- Author: Xue Xia Mao Yao Zi
- Current status/schedule: Ongoing
- Publisher: Bilibili
- Genre: Comedy

= You Shou Yan =

Chinese manhua and animated series

You Shou Yan (有兽焉 (Yǒu shòu yān)), also known as Fabulous Beasts, is a Chinese comedy manhua and animated series (donghua) created by Xue Xia Mao Yao Zi (靴下猫腰子) with animation by FENZ Co. Ltd. and published by Bilibili. The story features various beasts from Chinese mythology, many of which take the form of anthropomorphic animals. It is compiled in 5 books and has been listed on Chinese publisher Xiron's 2022 and 2023 "top 10 best-selling comic books" lists.

== Story ==
You Shou Yan tells the story of mythical beasts that live in the world of mortals. The protagonists are a group of beasts that have left the heavenly realm and ended up on Earth for various reasons. They often end up in comedic situations, many of which are at the expense of Tianlu the Pixiu or Sibuxiang. Over time, the amnesiac Tianlu's history is brought to light, and Sibuxiang struggles to keep the Pixiu from remembering his past, prevent heavenly officials from noticing the presence of Bixie, Tianlu's brother, and to manage his shop as an increasing number of beasts seek out his help.

== Production ==
You Shou Yan is a work written by author Xue Xia Mao Yao Zi, whose name translates as "Puss in Boots". From 15 October 2017, the webcomic was published every Tuesday, Thursday and Sunday through the author's official Weibo channel, which was affiliated with Feirenzai Studio. The comic started publication in paper after 1 December 2018.

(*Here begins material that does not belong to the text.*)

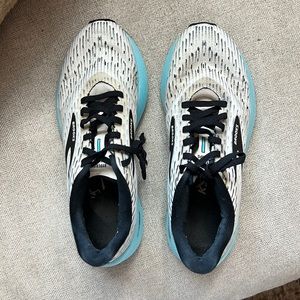 Brooks Hyperion tempo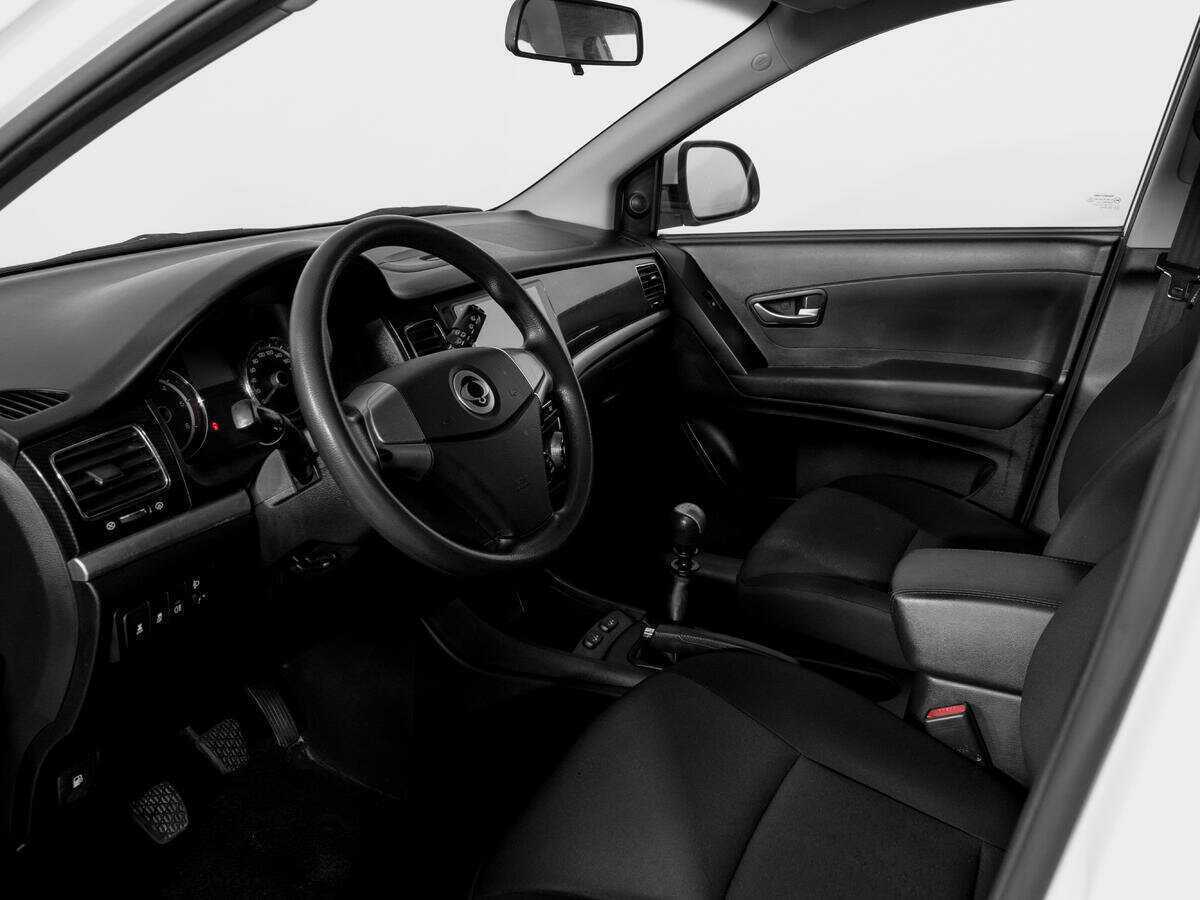 SsangYong Actyon б/у, 2013, Механическая. Фото: #14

Tencent Animation was given the contract to complete the work, but eventually stopped serialization. The author collaborated with Hokuto Penguin for the production of an audio comic.

Since 11 January 2021, the You Shou Yan comic has been published on the Bilibili platform. An animated adaptation of the comic was produced for the Bilibili platform, and its first season appeared 14 April 2023. The fourth season debuted on 2 August 2024.